DES SECRETS TRANSMIS DE PÈRES EN FILS
Sous leurs cols, les jarres sont estampillées des marques du fabricant, du propriétaire et sont parfois ornées de symboles religieux, tel celui du Chrisme Bernardin, protégeant hommes, réceptacles, marchandises.
D’une douzaine de tailles différentes elles peuvent contenir de 60 à 150 litres.
Une fois vides elles ont une seconde vie, un recyclage avant l’heure : garde-manger pour la viande salée ou réservoir d’eau fraiche. Placées près des cuisines, dans des « cases à eau », parfois noyées dans de la maçonnerie, elles reçoivent l’eau de pluie par une gouttière.
Le précieux liquide est filtré par un tamis ou au travers d’une pierre à eau creuse et poreuse, placée sur un socle et puisé avec une longue louche en fer « la chassepagne ».
PRODUCTION LOCALE
Du fait des nombreuses casses en mer et des délais incertains, les sucreries bâtissent leurs ateliers de fabrication de poteries (livrées à bord de canots à rames), près des rivages. On y produit « Terrailles » et « Formes à Pain de Sucre », dans lesquelles on verse le sirop brûlant avec un « Bec de corbin » en cuivre.
En 1748, la Guadeloupe recense sept poteries. En 1760, à Terre-de-Bas, la renommée Fabrique de la Grande Baie, compte six tours de potiers.
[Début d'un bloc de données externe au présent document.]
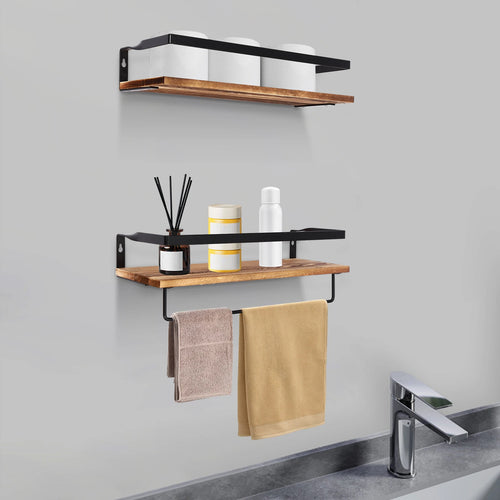 etagère murale en bois avec barre porte-serviettes pour rangement pratique - vue 4 sur 7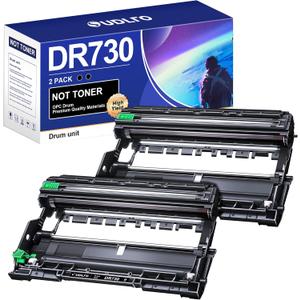 Compatible DR730 (Not Toner) Replacement for Brother Drum DR730 DR-730 Compatible with MFC-L2750DW HL-L2370DW MFC-L2710DW HL-L2350DW DCP-L2550DW Printer (2 Pack, Black)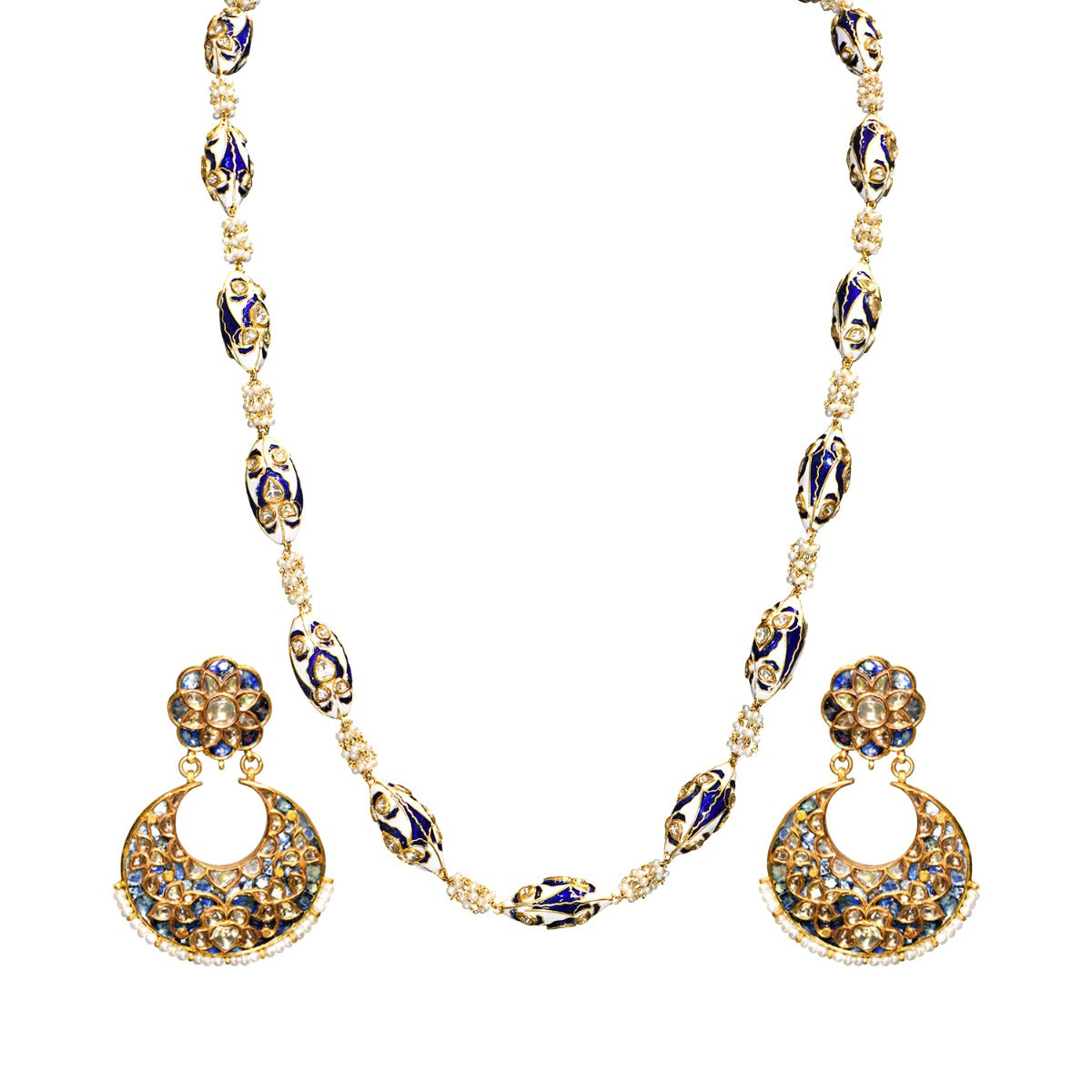 Stringed Cove-Long Polki Necklace Set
Quarante ans plus tard, il y a en Guadeloupe une trentaine d’unités, dont une à la Baie de Marigot, à Terre-de-Haut. A Trois-Rivières on fabrique des réchauds à charbon de bois, copies des réchauds Africains.
Ces nombreuses extractions font apparaitre dans le paysage, de nombreuses mares.
LA FABRICATION
La terre est broyée dans un petit moulin actionné par un cheval ou un âne, ou répandue sur une table reposant sur des rondins. On l’écrase debout, à l’aide de lourdes barres métalliques, on arrose les mottes, on les tamise, on fait décanter la terre dans des bassins, avant de la malaxer. Avec des tours à manivelle on forme les pièces que l’on place dans des fours aux intérieurs tapissés de briques réfractaires.
La légende prétend qu’en périodes de troubles, les colons utilisaient leurs « Dobann », pour y cacher leurs biens les plus précieux qu’ils enterraient ensuite sur leurs propriétés.
Ces jarres autrefois si populaires, sont désormais de plus en plus rares. Certaines d’entre elles ornées de fleurs, se font décoratives égayant les jardins ou les terrasses de quelques propriétaires chanceux.